An, H. - Presenter, University of Illinois at Urbana-Champaign
Smith, J., University of Illinois At Urbana-Champaign
Ji, B., University of Illinois at Urbana-Champaign
Zhou, S., University of Illinois at Urbana-Champaign
Cotty, S., University of Illinois at Urbana?Champaign
Yao, L., University of Illinois at Urbana-Champaign
Kalutantirige, F., University of Illinois at Urbana-Champaign
Chen, W., University of Illinois at Urbana-Champaign
Su, X., University of Illinois, Urbana-Champaign
Feng, J., University of Illinois, Urbana-Champaign
Chen, Q., University of Illinois at Urbana-Champaign
State-of-the-art reverse osmosis, nanofiltration, and desalination membranes are constructed as a thin film composite: they consist of crosslinked polyamide selective layer with an extremely thin thickness (i.e., layer thickness of about 10 nm and apparent thickness of >100 nm). These thin polyamide membranes are generally prepared via interfacial polymerization between aromatic or aliphatic diamine and aromatic acyl chloride. In general, their performance of polyamide membranes is governed by their morphology. However, the interfacial polymerization process leads to highly irregular and complex crumpled nanostructures that make the quantitative measurement of their physiochemical properties extremely difficult. Here, we demonstrate quantitative nanoscale shape-morphing in polyamide membranes and its relation to the membrane’s mechanical heterogeneity by integrating 3D electron tomography, machine learning-based shape classification, and liquid-phase AFM. From diverse nanoscale structure prepared by varying synthesis parameters, quantitative morphometry extracts large datasets of 3D geometry descriptors including interconnectivity, domain, void architecture, layer thickness, surface curvature, surface area, assembly structure (more than 50 descriptors). A data mining algorithm is employed to evaluate their categorical and numerical attributes and to rank descriptors from the most to least informative to composite functionality. This newly created knowledge on morphological properties at the nanometer resolution is related back to bridge synthesis and functionality.
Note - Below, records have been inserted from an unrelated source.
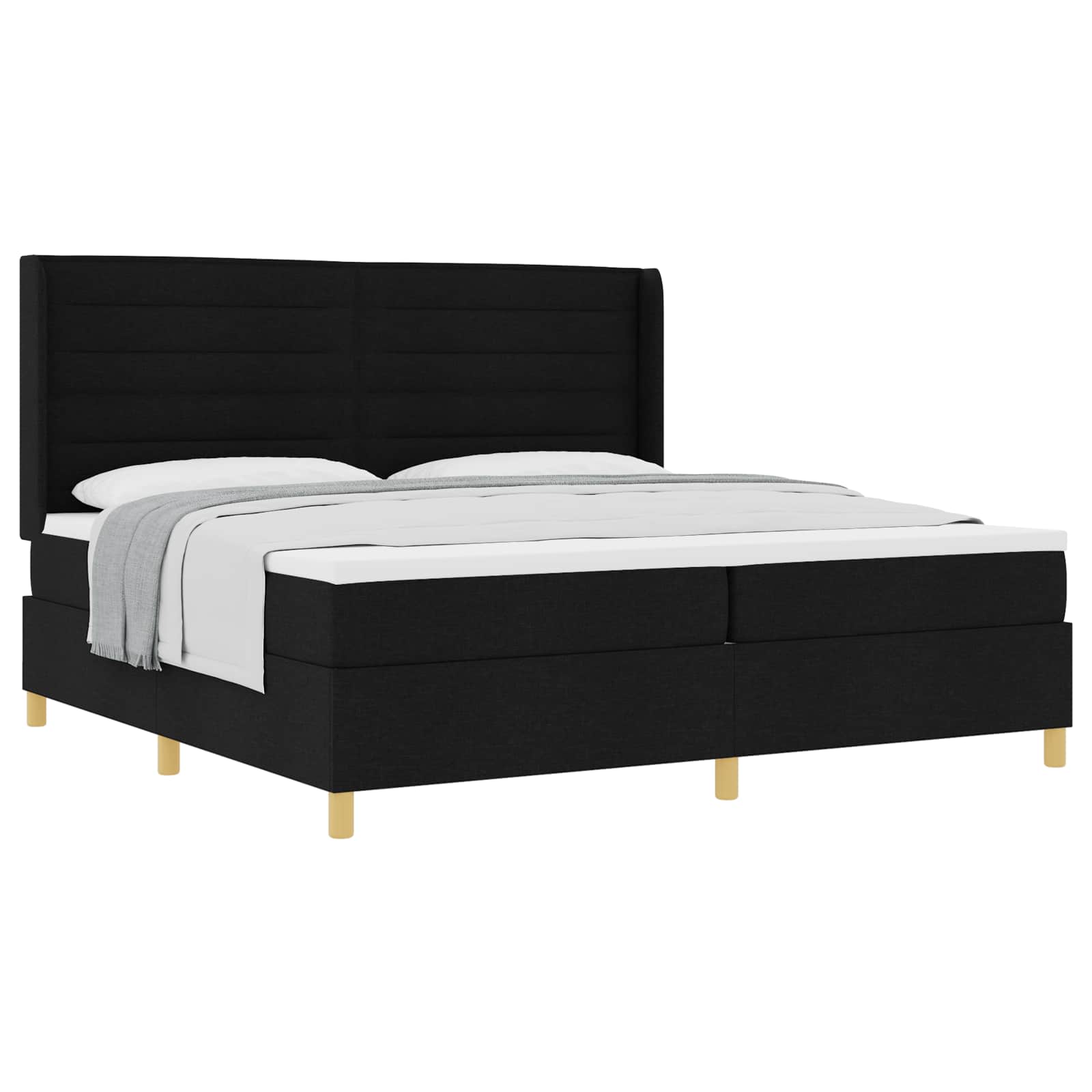 vidaXL Łóżko sprężynowe z materacem Czarny 200 x 200 cm tkanina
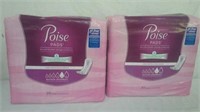 2 packages Poise pads 39 pads per package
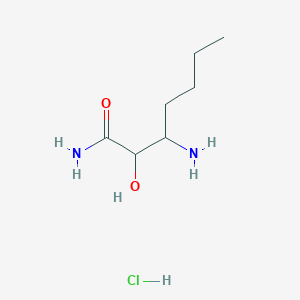 molecular formula C7H17ClN2O2 B8781412 3-Amino-2-hydroxyheptanamide hydrochloride 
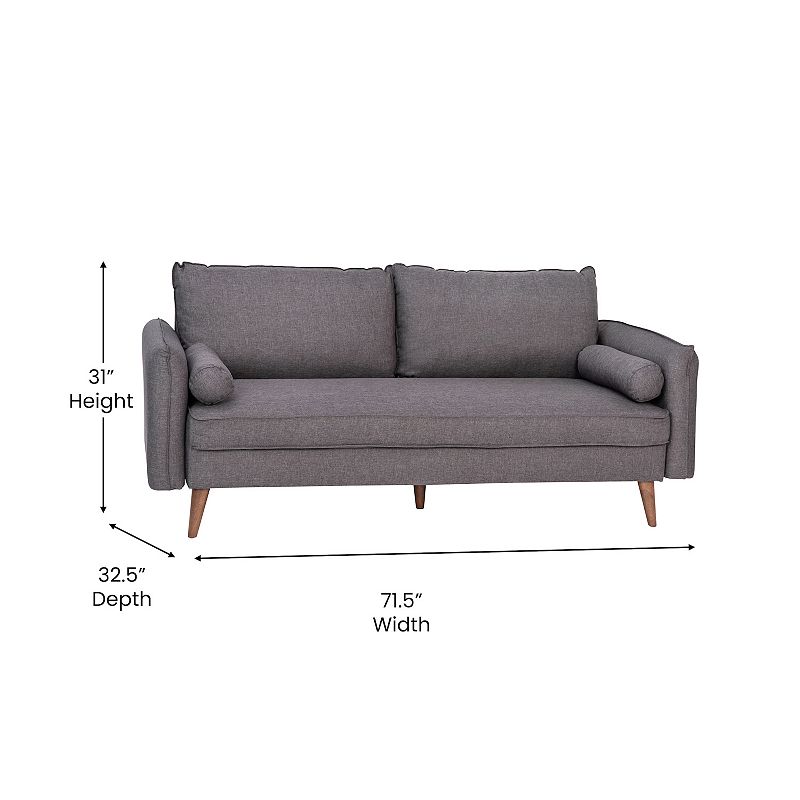 Flash Furniture Evie Mid-Century Modern Faux Linen Couch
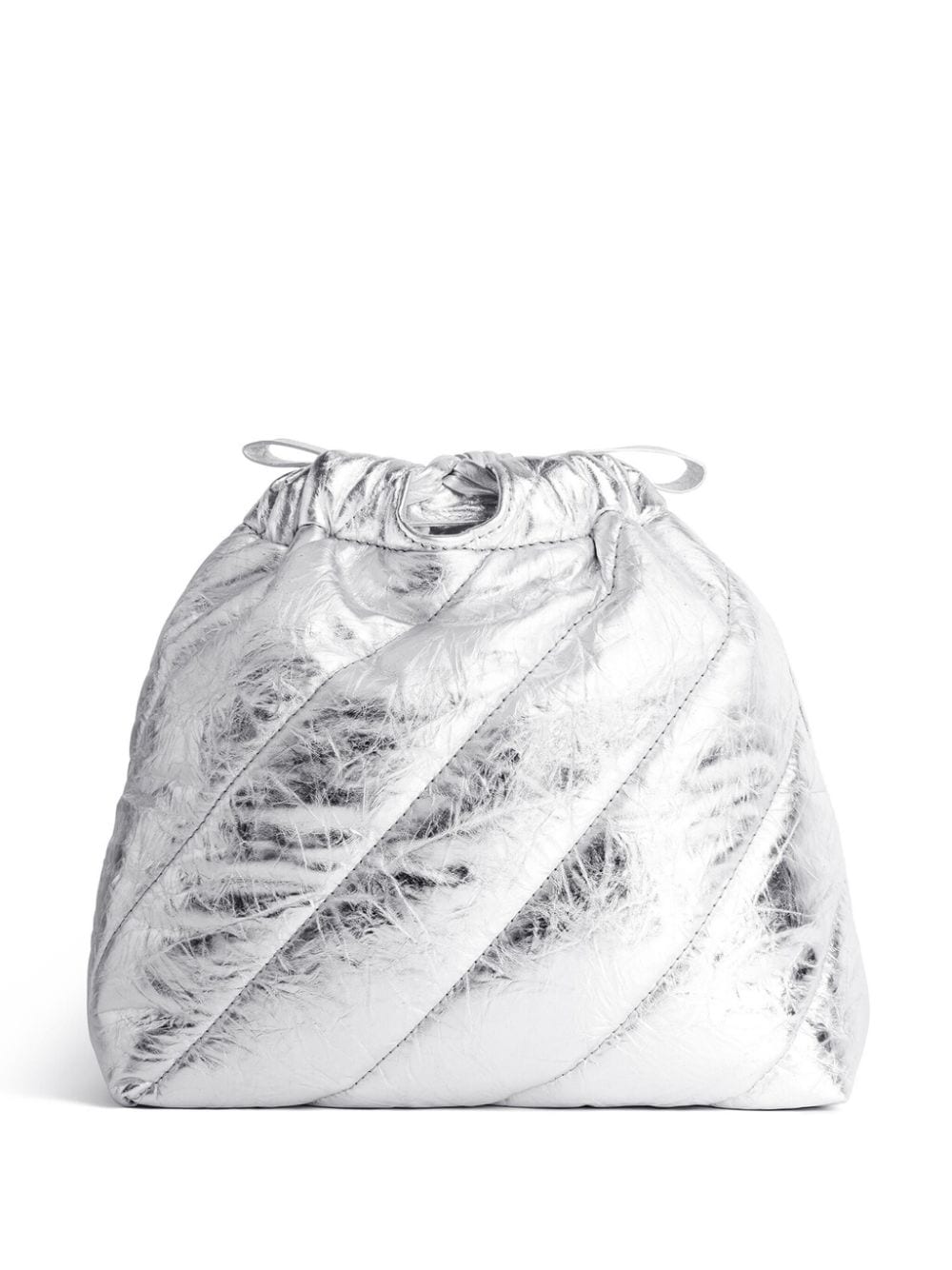 Shop Balenciaga Crush Xs Metallic Crossbody Bag In Silver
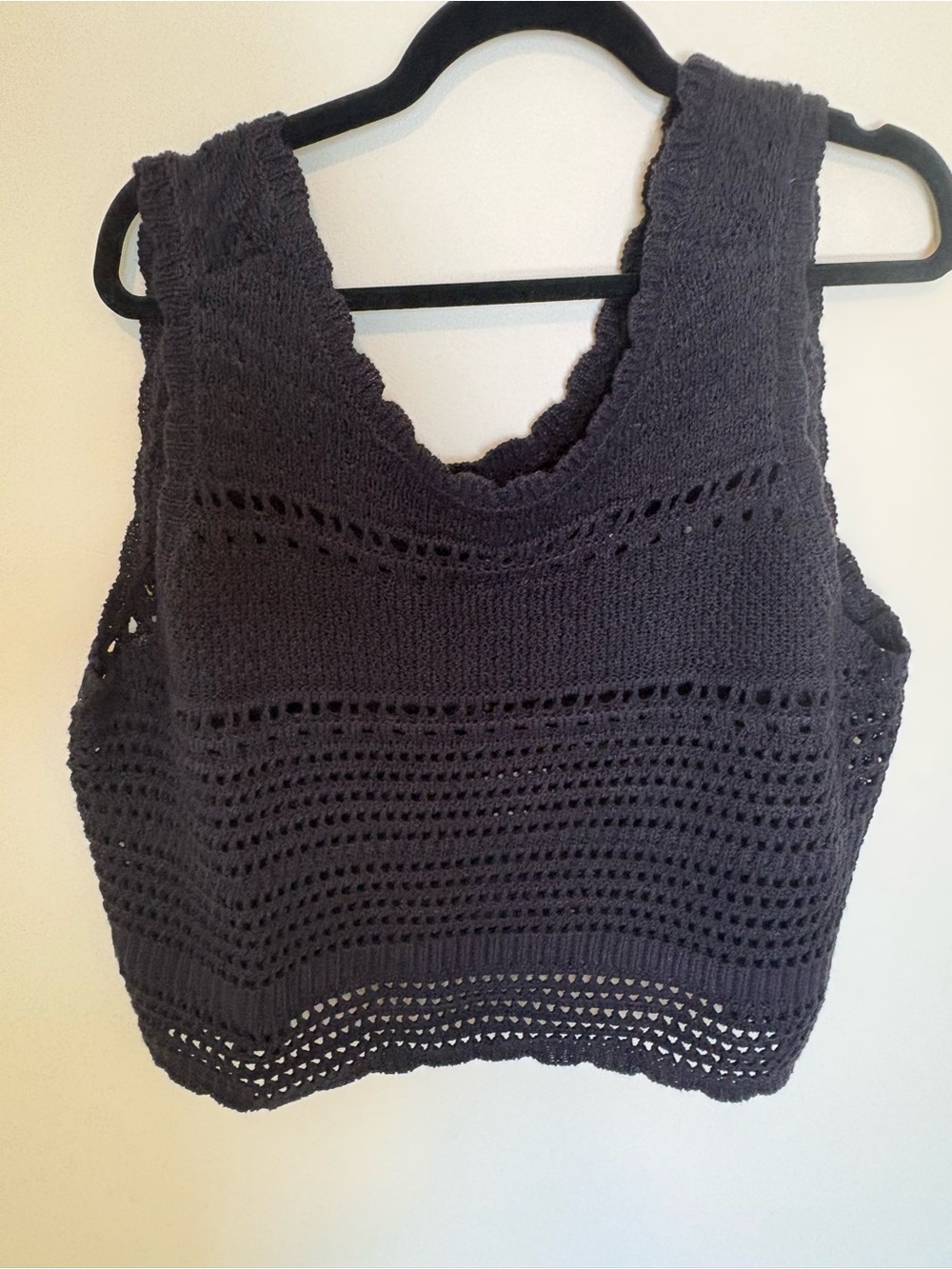 George Black Crochet Knit Tank Top
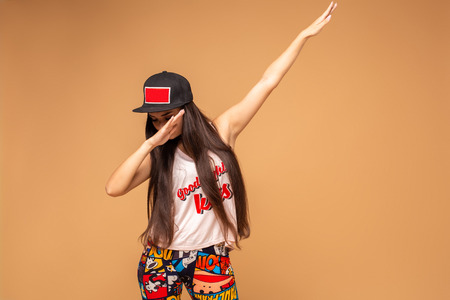 Female modern style dancer posing in the studio.の写真素材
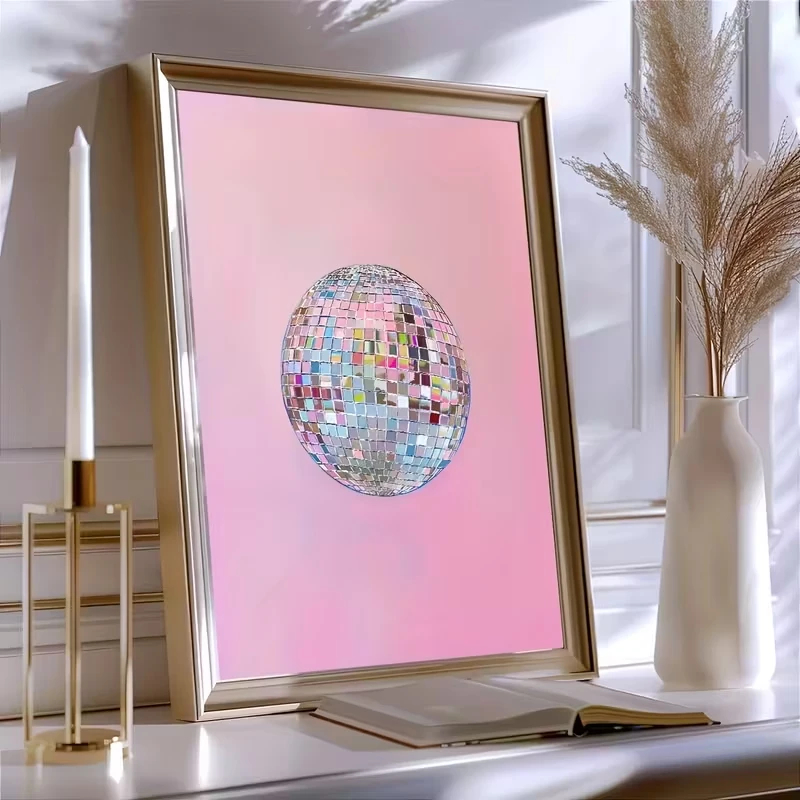 

Minimalist Canvas Paintings, Silver Disco Balls, Smooth and Bright Pink Girl Posters, Nordic Living Room Wall Home Decorations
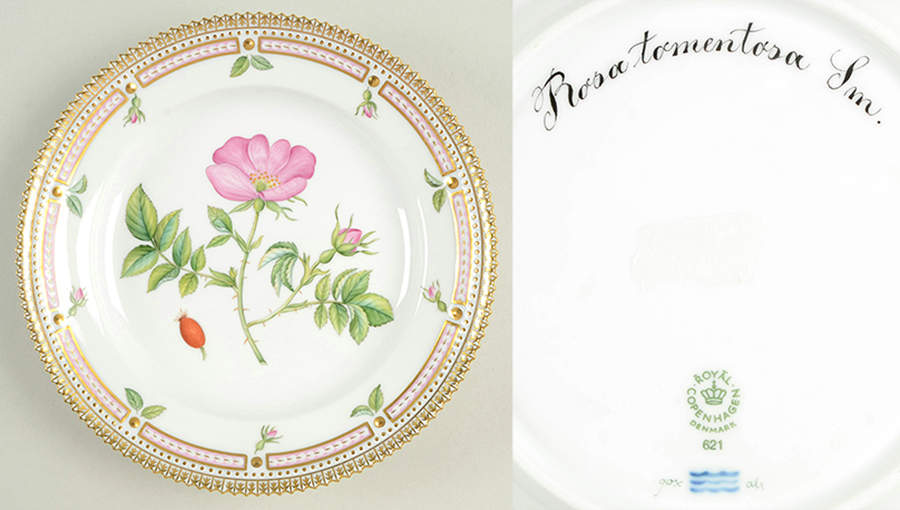 Flora Danica (1961 To Current) Salad Plate-Rosa tomentosa Sm. by Royal Copenhagen-1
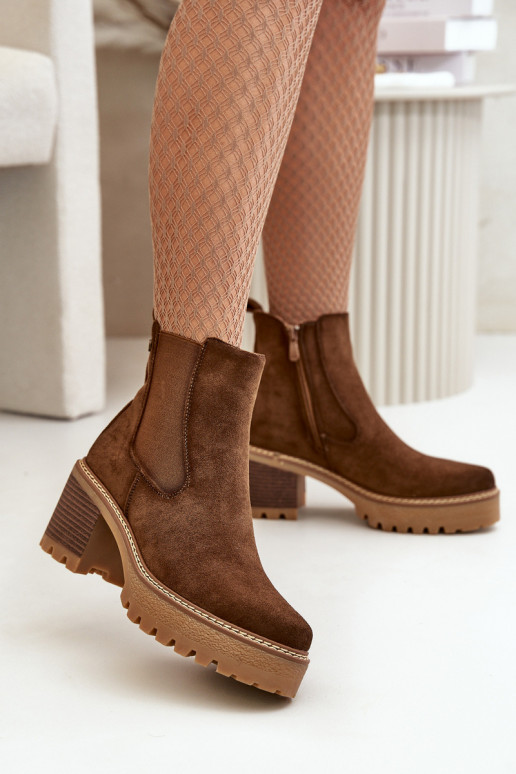 Botas de mujer calentamiento con tacones de gamuza ecológicaoAe color marrón Irissinae Botas de mujer calentamiento con tacones de gamuza ecológicaoAe color marrón Irissinae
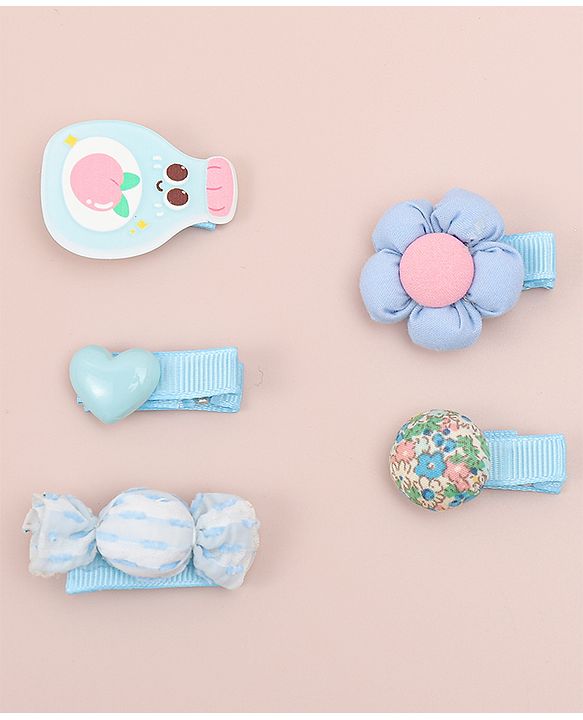 Babyhug Heart, Floral and Candy Applique Hair Clips Pack of 5 - Blue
The elucidation of the molecular underpinning of the synthesis–morphology–property relationship would enable a new prediction-based design of polymeric materials, advancing beyond previous “trial-and-error” approaches. We anticipate that this imaging−morphometry platform can be applicable to other nanoscale soft materials and provides engineering strategies based directly on synthesis−morphology−function relationships.